WHAT YOU WILL DO = Below are some records. Write out exactly their lines from the one with "Tracy Porter Floral" through the one with "Image of Bdi", and leave the pictures behind.

SOURCE MATERIAL =
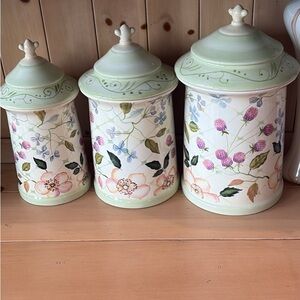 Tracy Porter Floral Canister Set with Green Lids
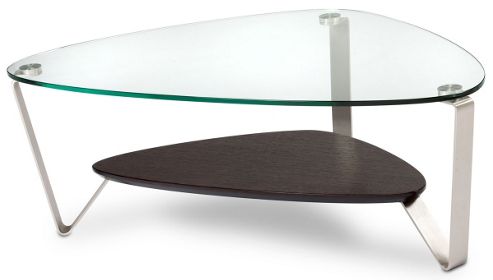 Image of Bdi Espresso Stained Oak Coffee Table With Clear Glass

...

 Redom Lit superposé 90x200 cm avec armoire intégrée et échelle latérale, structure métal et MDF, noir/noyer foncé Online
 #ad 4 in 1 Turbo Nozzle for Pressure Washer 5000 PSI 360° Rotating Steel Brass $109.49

TASK RESPONSE =
 Tracy Porter Floral Canister Set with Green Lids
 Image of Bdi Espresso Stained Oak Coffee Table With Clear Glass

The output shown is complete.